This topic contains a solution. Click here to go to the answer

Author Question: A client who sustained a cervical neck injury 2 days ago is demonstrating an irregular respiratory ... (Read 125 times)

bobypop

  • Hero Member
  • *****
  • Posts: 539
A client who sustained a cervical neck injury 2 days ago is demonstrating an irregular respiratory pattern with the rate of 8-10 breaths per minute. Based on this data, which is the priority nursing diagnosis?
 
  A) Impaired Physical Mobility
  B) Autonomic Dysreflexia
  C) Ineffective Breathing Pattern
  D) Impaired Gas Exchange

Question 2

The nurse is planning care for a client admitted with a high thoracic spinal cord injury. Which interventions would be appropriate for the nursing diagnosis of Alteration in Perfusion?
 
  Select all that apply.
  A) Discuss future care needs when discharged.
  B) Increase fluids to 3,000 mL per day.
  C) Turn and reposition every 2 hours.
  D) Assess for a full bladder.
  E) Assess blood pressure every 2-3 minutes.



Related Topics

Need homework help now?

Ask unlimited questions for free

Ask a Question
Marked as best answer by a Subject Expert

momo1250

  • Sr. Member
  • ****
  • Posts: 338
Answer to Question 1

Answer: C

Since the client sustained the neck injury 2 days prior, the full extent of the injuries cannot yet be determined. The client's rate of respirations should be between 12 and 20 per minute. Since the client is breathing irregularly at a rate of 8-10 breaths per minute, the client may need assisted ventilation or a tracheostomy. The nursing diagnosis priority for this client would be Ineffective Breathing Pattern. An Impaired Gas Exchange could occur because of the Ineffective Breathing Pattern and would be the second in priority for this client. Impaired Physical Mobility and Autonomic Dysreflexia could be addressed at a later time.

Answer to Question 2

Answer: D, E

An alteration in perfusion can be caused by autonomic dysreflexia, which is an emergency that requires immediate assessment and intervention. The nurse should continue to assess the client's blood pressure every 2-3 minutes in addition to elevating the head of the bed and removing TED hose to encourage the pooling of blood in the extremities and decrease the blood pressure. Once the blood pressure has stabilized or decreased, the nurse can then assess for the stimuli which caused the episode, such as a full bladder. Discussing future care needs when discharged is not a priority at this time, or an intervention for Alteration in Perfusion.
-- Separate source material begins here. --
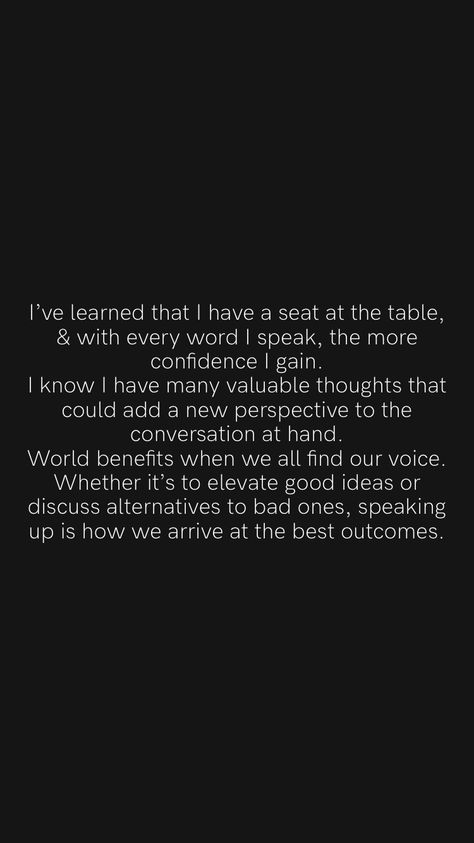 Table Quotes, A Seat At The Table, Seat At The Table, Motivation App, More Confidence, Power Of Love, The Power Of Love, At The Table, New Perspective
Turning the client every 2 hours is not a priority at this time, or an intervention for Alteration in Perfusion.




bobypop

  • Member
  • Posts: 539
Reply 2 on: Jun 25, 2018
YES! Correct, THANKS for helping me on my review


Animal_Goddess

  • Member
  • Posts: 339
Reply 3 on: Yesterday
Wow, this really help

 

Did you know?

The top 10 most important tips that will help you grow old gracefully include (1) quit smoking, (2) keep your weight down, (3) take supplements, (4) skip a meal each day or fast 1 day per week, (5) get a pet, (6) get medical help for chronic pain, (7) walk regularly, (8) reduce arguments, (9) put live plants in your living space, and (10) do some weight training.

Did you know?

Coca-Cola originally used coca leaves and caffeine from the African kola nut. It was advertised as a therapeutic agent and "pickerupper." Eventually, its formulation was changed, and the coca leaves were removed because of the effects of regulation on cocaine-related products.

Did you know?

Alcohol acts as a diuretic. Eight ounces of water is needed to metabolize just 1 ounce of alcohol.

Did you know?

Signs and symptoms of a drug overdose include losing consciousness, fever or sweating, breathing problems, abnormal pulse, and changes in skin color.

Did you know?

The effects of organophosphate poisoning are referred to by using the abbreviations “SLUD” or “SLUDGE,” It stands for: salivation, lacrimation, urination, defecation, GI upset, and emesis.